When multitasking is used, real-time interaction of tasks requires extensive review and testing. It's especially important to avoid the use of common resources such as I/O registers and memory by asynchronous tasks in a multitasking environment.

Extra software testing techniques are required for safety PLCs during software development. The findings and assumptions of the criticality analysis must be proven.

A series of "software fault injection" tests must be run to verify data integrity checking. The programs are deliberately corrupted during testing to ensure predictable, safe response of the software. Hardware emulators, specific for the microprocessor, are often used to set break points and alter program data; then the program is allowed to continue to see if the fault was detected.

An alternative test method uses custom software built into the program. This requires a monitor program to accept user input about special test codes. These test codes invoke fault injection functions that are time dependent and not easily performed by an emulator. The testing must be fully documented so third-party inspectors can understand the operation. While this activity is not justified in most software development, this is exactly how the most harmful and covert software design faults are uncovered.

Fault and Change Tracking
When suspected problems are found in the software design or code, they must be recorded and reviewed using a formal system¹. Not every reported problem is a real defect, and these should be discarded with rationale for the determination. Not every problem found is reliability or safety related.

When a problem is investigated and deemed important enough to fix, the development team should perform an impact analysis of the suspected defect. The analysis should include accurate problem description, effect of the problem on critical functions, description of the proposed solution, and effect of the proposed solution on safety functions.

A database should contain all necessary details of the activity related to problem identification and tracking. Items to clearly identify in this database are author, date and product/version where problem was found; problem description, with any particular test setup details or circumstances; implementer log that includes change notes and files affected; authorization notes for accepting the change; time estimates and actual time used; and test data to see that the fix was correct.

Software Process Improvement
Problems discovered in the software development process that involve safety-critical functions must be treated with great scrutiny. The step in the development process where the problem occurred should be identified².

Some problems can be traced to design or implementation, but the greater number of problems is often traced to missing or inadequately defined requirements. When the latter case occurs, the lifecycle model loop must be reviewed to determine where to start implementation of the fix and any related documents that need to change.

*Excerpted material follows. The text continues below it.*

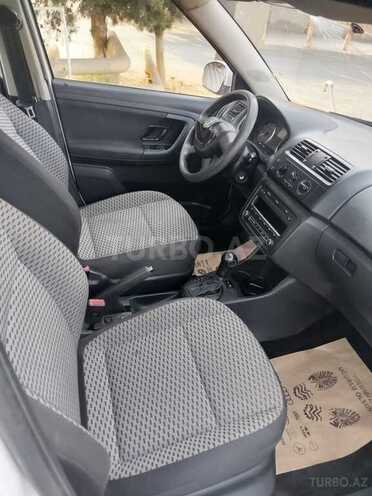 Skoda Fabia 2011, 98,000 km - 1.6 l - Bakı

It's also useful to identify the error-detection step in the development process that should have found the problem. If the problem was discovered at a later step in the process, then improve the process for future developments². While it sometimes seems like a problem is isolated to a specific area of software, often the problem is far-reaching.

The design documentation referenced by the problem area must be reviewed for non-obvious interface effects. For example, there can be subtle timing elements that affect message schemes that are safety-critical, or an uncommon but likely mode of operation may inhibit a critical diagnostic under specific conditions.

References:
1. Mavis, S. A., "An Organized Way of Tracking Faults in the Development Process," Proceedings of the International Symposium of Engineered Software Systems (ISESS), Malvern, Pa., London, World Scientific, 1993.
2. Bukowski, J. V., and Goble, W. M., "Software—Reliability Feedback: A Physics of Failure Approach," Proceedings of the Reliability and Maintainability Symposium, New York, IEEE, 1992.